# my new yak (stealth superlite)



## Duran (Nov 19, 2005)

finally After a lot of paper work I finally got my new stealth all the way from South Africa (with out any damage during transport) and now cant wait get it rigged up and on the water.


----------



## Milt (Sep 2, 2005)

VERY VERY nice, what do they weigh approx?

Milt,


----------



## pcsolutionman (Apr 9, 2007)

great looking ski man so what was the total cost after shipping any taxes etc

Lee


----------



## johnsonMAN (Apr 1, 2007)

They came from South Africa not South African but bloody nice yak. What are the other two.
The postage would have been a killer wouldn't it.


----------



## Jesse_Ape (Oct 17, 2006)

What's there to rig up? how do you find the stealth compared to the tunny?


----------



## xerubus (May 17, 2007)

wow... wow... wow. that's damn sexy. good stuff!

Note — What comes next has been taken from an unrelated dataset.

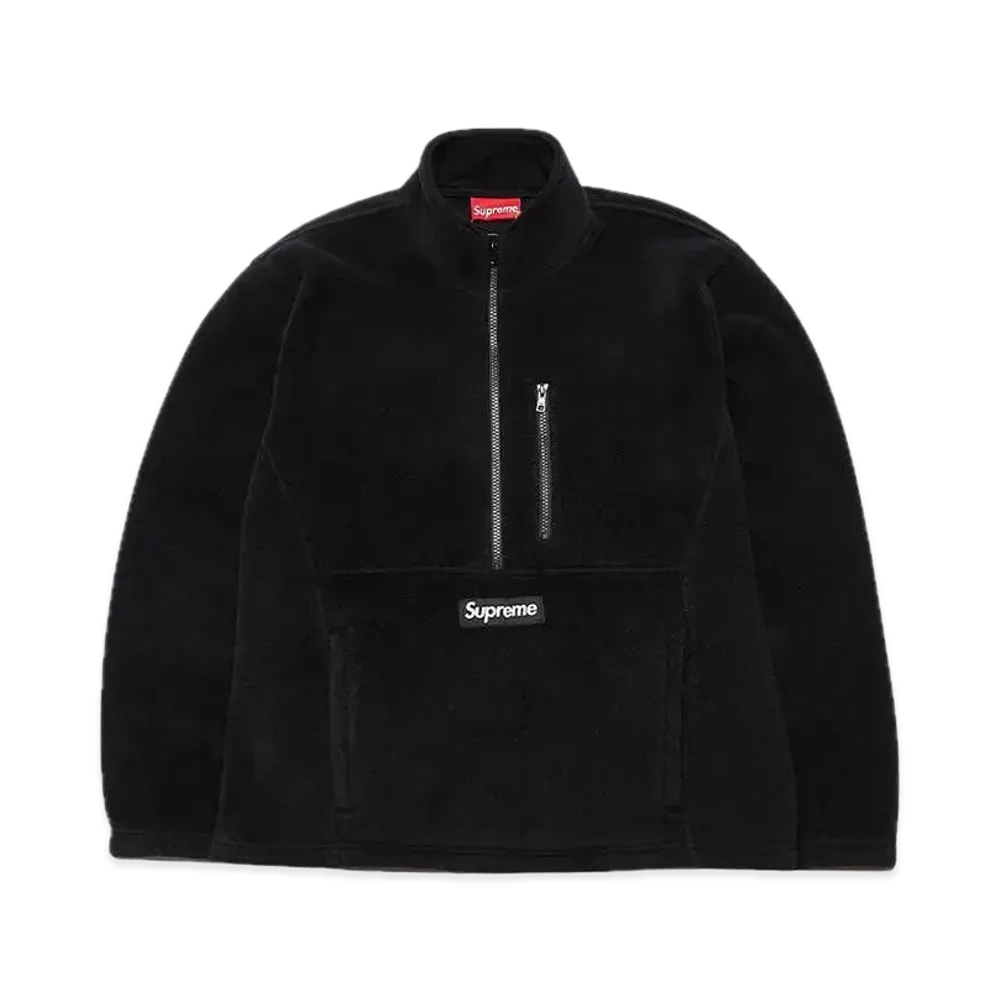 Supreme Polartec Half Zip Pullover "Black"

if you don't mind me asking, what was the $ damage including postage?


----------



## Duran (Nov 19, 2005)

Thanks guys it really is a great yak

Milt they are about 21kg

JohnsonMANn the other two are tunnys made by erics canoes in Durban

Jesse_Ape I still have to rig up my fish finder and more rod holders. the tunny is a good ski but the stealth has a larger hatch is more stable in the surf other then that they the same

Pcsolutionman and xerubus the ski coast me around $1700-$1800 and that includes taxes, airfreight etc


----------



## spottymac (Aug 29, 2005)

Nice rig Duran. l can see why you are itching to get out for a fish


----------



## johnsonMAN (Apr 1, 2007)

That is an alright price becuase those ski's would track fast and straight.
Me thinks you have a good deal.


----------



## bazzoo (Oct 17, 2006)

Duran , spectacular , i want one , that really is a nice ski , why the hell no one has made them or something like them here is beyond me , looks sensational , good onya mate , well done GIMME


----------



## Dodge (Oct 12, 2005)

bazzoo said:


> why the hell no one has made them or something like them here is beyond me , looks sensational ,


Quite agree Barry streets ahead of the competition for surf work.

Enjoy the ride Duran


----------



## spooled1 (Sep 16, 2005)

That's one mighty fine yak Duran.

What are you doing with the Tunny's now that you have the Stealth?


----------



## craig450 (May 11, 2007)

Nice yak mate, i like the large fish hatch. Great looking unit especially for those $$$$, congratulations looking forward to some reports on it


----------



## Jesse_Ape (Oct 17, 2006)

duran said:


> Jesse_Ape I still have to rig up my fish finder and more rod holders. the tunny is a good ski but the stealth has a larger hatch is more stable in the surf other then that they the same


When you are done rigging it up make sure you post some pictures. By larger hatch do you mean the opening is bigger or length of the hatch is bigger. The problem I have with my tunny is that I can only fit a 1.1m speargun in it and I want to fit a 1.3m in there...



Bazzoo said:


> why the hell no one has made them or something like them here is beyond me , looks sensational


I am an engineer and I was thinking of designing one in a 3D Modeling program, approaching Viking and asking them to make it for use on the Australian market. (i would give them the design if they gave me the end product). I think this style of yak could work in plastic.... then we could abuse it more 

Cheers

Jesse


----------



## craig450 (May 11, 2007)

Im pretty sure Scott (Administrator) was looking for interest for importing some of the stealth yaks, could be worth having a chat with him to see what the outcome was.


----------



## bazzoo (Oct 17, 2006)

The trouble with trying to simply import them , is that you have to take what is sent without an opportunity to try one out , by that i dont mean necessarily having a demo paddle, i mean have a sit on in the dealers showroom and a good look at the kayak , and also make sure it FITS, having owned quite a few clubbie [ ironman] skis , i know that to obtain additional stability , the manufacturer drops your bum down as low as possible , this is ok for an hour or so paddle , but it does put extra strain on your glutes and hamstring and groin, so this is the sort of thing you can establish simply by sitting in and looking, i would love someone like viking to manufacture a ski to suit the fisherman , it would be a definite winner , And Jesse, i think they should take you up on your generouse offer.


----------



## spooled1 (Sep 16, 2005)

Jesse_Ape said:


> By larger hatch do you mean the opening is bigger or length of the hatch is bigger. The problem I have with my tunny is that I can only fit a 1.1m speargun in it and I want to fit a 1.3m in there...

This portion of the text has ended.